Gary Goertz and James Mahoney

Princeton University Press, 2012

Some in the social sciences argue that the same logic applies to both qualitative and quantitative methods. In A Tale of Two Cultures, Gary Goertz and James Mahoney demonstrate that these two paradigms constitute different cultures, each internally coherent yet marked by contrasting norms, practices, and toolkits.

Goertz and Mahoney identify and discuss major differences between these two traditions that touch nearly every aspect of social science research, including design, goals, causal effects and models, concepts and measurement, data analysis, and case selection.

Although focused on the differences between qualitative and quantitative research, Goertz and Mahoney also seek to promote toleration, exchange, and learning by enabling scholars to think beyond their own culture and see an alternative scientific worldview.

This book is written in an easily accessible style and features a host of real-world examples to illustrate methodological points. 


"For too long, qualitative research has been portrayed as the ill-mannered stepchild of quantitative research, hampered by its seemingly primitive analytic techniques and misplaced enthusiasm for understanding and interpreting 'cases.' A Tale of Two Cultures puts an end to this nonsense by highlighting the distinctiveness of qualitative research and contrasting it point by point with the quantitative approach.
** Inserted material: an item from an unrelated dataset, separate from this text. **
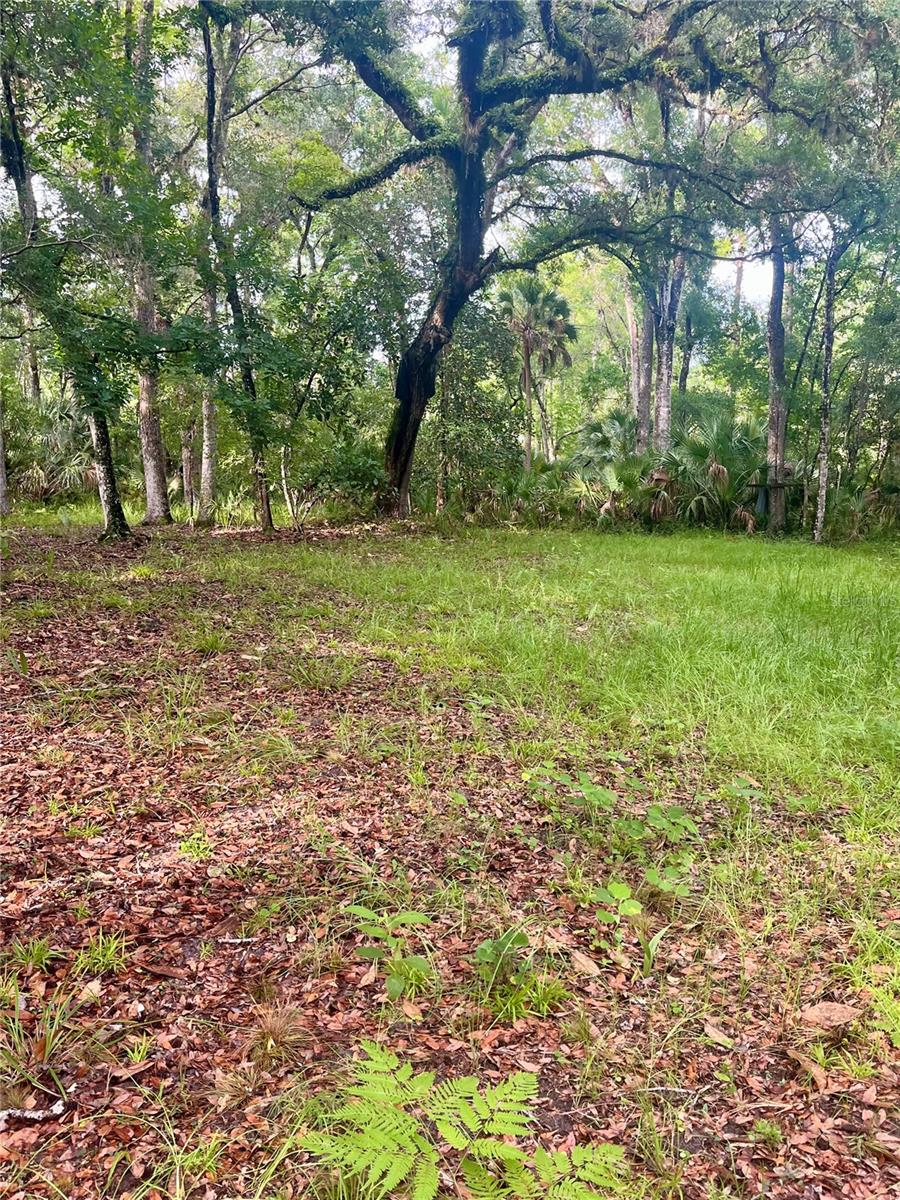 2260 Panorama Dr Property Photo 55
The book offers an accessible, comprehensive challenge to conventional views."
— Charles Ragin, University of Arizona 

"Goertz and Mahoney draw out for readers why the contrasting approaches to social science are appropriate given the overall goals and assumptions of the two paradigms, and then enable readers from both sides to see the alternative perspective and reconsider their own approach and goals."
— Janet Box-Steffensmeier, Ohio State University 

"I greatly admire this book. Goertz and Mahoney are widely respected innovators in qualitative methodology, and their mastery is evident in the range of topics covered, the ingenuity of their arguments, and the clear and confident prose that makes the book accessible to a wide audience. A Tale of Two Cultures will spark necessary and useful debate; it is a great contribution to political methodology."
— David Waldner, University of Virginia 

"A Tale of Two Cultures is beautifully written and compellingly argued. This terrific book will be widely read, taught, and cited."